Dave Hill | The Guardian: Marshalsea’s Mansions of Misery

Historian Jerry White has produced a penetrating micro-history of a time when ordinary Londoners’ lives were ruled by debt and fear of imprisonment

In 18th century London and the first half of the 19th, debt and its effects ate at the soul of society, as they do now. The difference was that in those days, debt was always personal. Those who owed did not fear credit card demands or banks, but people, streets and areas they knew. “It impacted on personal space,” explains distinguished London historian Jerry White. “People were moving around London all the time to avoid their creditors – moving rooms, avoiding certain streets or areas.” And failure to avoid could be disastrous: for want of as little as a few shillings, you could be thrown into a death pit of a jail.

The subject of White’s new book is that London’s most notorious debtors’ prison, the Marshalsea in Southwark.

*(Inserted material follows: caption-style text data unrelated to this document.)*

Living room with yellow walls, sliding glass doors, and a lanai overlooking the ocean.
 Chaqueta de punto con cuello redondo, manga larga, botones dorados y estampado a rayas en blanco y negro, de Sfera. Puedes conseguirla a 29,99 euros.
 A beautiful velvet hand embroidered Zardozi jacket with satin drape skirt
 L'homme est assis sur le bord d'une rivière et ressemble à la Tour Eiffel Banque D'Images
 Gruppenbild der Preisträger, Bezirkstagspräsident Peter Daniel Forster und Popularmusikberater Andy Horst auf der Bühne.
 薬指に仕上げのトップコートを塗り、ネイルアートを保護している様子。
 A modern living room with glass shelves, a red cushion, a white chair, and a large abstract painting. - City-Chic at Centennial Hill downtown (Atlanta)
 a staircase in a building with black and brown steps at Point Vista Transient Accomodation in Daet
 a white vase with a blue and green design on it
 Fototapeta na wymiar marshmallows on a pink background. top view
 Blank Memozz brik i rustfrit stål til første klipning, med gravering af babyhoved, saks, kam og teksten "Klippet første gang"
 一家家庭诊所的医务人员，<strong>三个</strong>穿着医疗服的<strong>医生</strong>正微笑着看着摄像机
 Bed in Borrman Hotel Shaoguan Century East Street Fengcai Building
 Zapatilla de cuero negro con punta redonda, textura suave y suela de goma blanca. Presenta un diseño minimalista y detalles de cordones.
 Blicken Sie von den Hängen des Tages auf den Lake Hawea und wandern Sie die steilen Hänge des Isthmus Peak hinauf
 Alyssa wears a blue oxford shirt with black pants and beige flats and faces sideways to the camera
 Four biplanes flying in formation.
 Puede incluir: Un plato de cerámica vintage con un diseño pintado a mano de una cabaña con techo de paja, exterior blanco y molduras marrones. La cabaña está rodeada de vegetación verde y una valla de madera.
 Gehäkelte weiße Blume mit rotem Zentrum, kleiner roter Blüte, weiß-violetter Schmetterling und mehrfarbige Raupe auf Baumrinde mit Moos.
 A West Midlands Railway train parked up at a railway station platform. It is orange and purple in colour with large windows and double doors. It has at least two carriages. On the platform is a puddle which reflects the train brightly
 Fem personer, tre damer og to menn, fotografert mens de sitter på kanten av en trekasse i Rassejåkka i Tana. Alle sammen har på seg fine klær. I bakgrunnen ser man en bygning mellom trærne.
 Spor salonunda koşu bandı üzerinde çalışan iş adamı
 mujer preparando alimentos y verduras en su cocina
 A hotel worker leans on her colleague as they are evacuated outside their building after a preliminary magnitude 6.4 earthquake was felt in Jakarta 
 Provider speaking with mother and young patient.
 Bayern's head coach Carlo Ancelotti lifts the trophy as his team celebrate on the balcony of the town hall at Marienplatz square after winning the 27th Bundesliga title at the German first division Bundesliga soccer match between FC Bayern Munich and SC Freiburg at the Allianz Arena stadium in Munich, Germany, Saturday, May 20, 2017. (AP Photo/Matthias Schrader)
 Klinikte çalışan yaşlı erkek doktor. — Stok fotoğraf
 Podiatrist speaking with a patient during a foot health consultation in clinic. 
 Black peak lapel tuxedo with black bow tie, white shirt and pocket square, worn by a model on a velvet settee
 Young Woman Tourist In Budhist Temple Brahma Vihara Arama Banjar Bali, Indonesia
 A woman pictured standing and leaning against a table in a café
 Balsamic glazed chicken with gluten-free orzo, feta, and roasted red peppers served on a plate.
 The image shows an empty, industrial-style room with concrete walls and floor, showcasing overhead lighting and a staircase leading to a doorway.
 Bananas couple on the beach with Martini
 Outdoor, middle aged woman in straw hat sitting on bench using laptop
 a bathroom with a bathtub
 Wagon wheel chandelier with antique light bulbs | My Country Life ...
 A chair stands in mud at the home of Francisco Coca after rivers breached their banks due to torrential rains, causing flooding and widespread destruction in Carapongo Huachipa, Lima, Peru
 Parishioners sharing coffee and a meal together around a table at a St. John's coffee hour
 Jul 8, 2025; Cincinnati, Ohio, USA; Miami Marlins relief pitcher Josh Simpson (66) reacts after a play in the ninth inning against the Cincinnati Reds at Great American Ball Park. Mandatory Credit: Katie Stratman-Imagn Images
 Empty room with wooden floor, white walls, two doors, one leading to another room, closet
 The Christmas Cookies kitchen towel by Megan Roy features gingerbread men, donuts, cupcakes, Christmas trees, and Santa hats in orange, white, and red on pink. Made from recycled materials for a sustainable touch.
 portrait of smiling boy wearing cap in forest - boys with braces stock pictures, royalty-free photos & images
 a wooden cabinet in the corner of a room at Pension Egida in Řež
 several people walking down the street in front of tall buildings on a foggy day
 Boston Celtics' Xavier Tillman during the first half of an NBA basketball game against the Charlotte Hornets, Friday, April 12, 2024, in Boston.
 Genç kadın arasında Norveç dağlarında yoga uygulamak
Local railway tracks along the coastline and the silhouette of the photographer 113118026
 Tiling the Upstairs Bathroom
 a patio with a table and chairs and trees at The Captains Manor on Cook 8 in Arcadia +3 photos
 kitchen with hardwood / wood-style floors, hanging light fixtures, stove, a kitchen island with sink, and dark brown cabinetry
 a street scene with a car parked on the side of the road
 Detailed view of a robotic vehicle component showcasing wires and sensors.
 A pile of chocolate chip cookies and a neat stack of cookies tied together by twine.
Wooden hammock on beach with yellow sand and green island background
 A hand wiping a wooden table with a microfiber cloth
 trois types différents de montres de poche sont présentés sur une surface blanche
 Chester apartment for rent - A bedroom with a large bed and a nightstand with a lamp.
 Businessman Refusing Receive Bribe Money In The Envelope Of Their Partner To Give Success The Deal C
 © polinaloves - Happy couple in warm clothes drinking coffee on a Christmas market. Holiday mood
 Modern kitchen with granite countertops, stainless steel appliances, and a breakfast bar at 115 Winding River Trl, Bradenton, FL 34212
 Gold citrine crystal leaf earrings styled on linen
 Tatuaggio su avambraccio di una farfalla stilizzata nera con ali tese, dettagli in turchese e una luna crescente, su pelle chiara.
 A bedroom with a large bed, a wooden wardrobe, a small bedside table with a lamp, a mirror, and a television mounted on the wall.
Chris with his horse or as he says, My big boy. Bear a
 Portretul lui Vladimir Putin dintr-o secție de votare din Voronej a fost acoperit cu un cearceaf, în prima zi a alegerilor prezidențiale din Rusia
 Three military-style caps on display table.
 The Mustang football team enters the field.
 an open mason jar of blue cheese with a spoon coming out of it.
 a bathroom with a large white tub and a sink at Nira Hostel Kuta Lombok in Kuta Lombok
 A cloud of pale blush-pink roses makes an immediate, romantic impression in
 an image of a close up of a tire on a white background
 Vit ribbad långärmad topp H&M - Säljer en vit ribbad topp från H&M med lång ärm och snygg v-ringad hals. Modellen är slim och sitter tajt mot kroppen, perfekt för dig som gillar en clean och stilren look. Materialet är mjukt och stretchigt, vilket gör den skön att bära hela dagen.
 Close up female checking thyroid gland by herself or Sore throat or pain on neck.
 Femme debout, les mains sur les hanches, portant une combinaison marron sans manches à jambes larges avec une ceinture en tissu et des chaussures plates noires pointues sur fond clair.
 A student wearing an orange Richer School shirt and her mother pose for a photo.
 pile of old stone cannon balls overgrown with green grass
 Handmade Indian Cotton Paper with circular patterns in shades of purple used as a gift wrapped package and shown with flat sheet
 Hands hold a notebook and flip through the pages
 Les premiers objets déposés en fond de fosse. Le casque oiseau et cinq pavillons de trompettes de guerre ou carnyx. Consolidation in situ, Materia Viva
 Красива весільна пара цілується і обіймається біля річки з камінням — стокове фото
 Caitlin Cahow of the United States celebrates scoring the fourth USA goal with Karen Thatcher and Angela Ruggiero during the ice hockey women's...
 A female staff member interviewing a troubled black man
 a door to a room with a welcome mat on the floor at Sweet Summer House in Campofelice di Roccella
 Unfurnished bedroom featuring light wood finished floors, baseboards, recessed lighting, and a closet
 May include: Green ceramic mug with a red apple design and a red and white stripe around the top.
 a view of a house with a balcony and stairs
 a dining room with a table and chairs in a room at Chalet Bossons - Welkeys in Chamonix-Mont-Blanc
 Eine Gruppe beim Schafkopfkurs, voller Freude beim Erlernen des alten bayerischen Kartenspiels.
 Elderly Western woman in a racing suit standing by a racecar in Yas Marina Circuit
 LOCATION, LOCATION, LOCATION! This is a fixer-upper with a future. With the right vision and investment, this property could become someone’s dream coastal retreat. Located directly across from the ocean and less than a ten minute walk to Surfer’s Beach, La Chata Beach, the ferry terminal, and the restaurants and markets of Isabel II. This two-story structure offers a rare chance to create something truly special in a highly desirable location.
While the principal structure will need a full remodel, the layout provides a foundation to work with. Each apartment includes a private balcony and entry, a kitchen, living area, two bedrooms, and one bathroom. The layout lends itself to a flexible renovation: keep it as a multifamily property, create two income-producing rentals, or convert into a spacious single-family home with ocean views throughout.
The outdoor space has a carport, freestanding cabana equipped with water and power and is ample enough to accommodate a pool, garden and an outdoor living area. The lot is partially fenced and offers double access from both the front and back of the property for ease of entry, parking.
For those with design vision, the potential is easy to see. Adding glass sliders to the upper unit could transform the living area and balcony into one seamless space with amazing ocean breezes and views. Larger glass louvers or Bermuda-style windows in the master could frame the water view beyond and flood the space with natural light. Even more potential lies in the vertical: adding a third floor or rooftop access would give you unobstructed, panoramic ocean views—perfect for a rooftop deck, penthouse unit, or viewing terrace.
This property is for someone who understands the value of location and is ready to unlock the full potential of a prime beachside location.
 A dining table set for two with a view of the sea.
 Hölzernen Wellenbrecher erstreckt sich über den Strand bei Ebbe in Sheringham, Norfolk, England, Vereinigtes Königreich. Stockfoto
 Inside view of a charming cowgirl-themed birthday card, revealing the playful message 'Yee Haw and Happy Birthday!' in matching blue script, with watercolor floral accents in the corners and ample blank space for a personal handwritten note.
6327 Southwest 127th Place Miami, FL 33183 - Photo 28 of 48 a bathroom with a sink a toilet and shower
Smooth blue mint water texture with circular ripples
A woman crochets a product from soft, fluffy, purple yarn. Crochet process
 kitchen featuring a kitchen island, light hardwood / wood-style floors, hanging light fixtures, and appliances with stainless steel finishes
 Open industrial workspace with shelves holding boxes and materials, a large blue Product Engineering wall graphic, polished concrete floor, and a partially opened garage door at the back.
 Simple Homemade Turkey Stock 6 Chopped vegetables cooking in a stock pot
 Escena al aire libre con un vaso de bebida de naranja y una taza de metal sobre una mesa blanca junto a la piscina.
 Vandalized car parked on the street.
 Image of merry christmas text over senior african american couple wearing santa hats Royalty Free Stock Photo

Mansions of Misery, his biography of the institution, which stood on two different sites on what is now Borough High Street, begins by describing London’s vast landscape of debt and its ubiquity in everyday life. Fearful debtors were everywhere. So were places for locking them up – London had more jails than any other city in Europe. Those dodging incarceration up could take refuge in The Mint, an area near the Marshalsea, which enjoyed an anomalous legal status protecting them from arrest.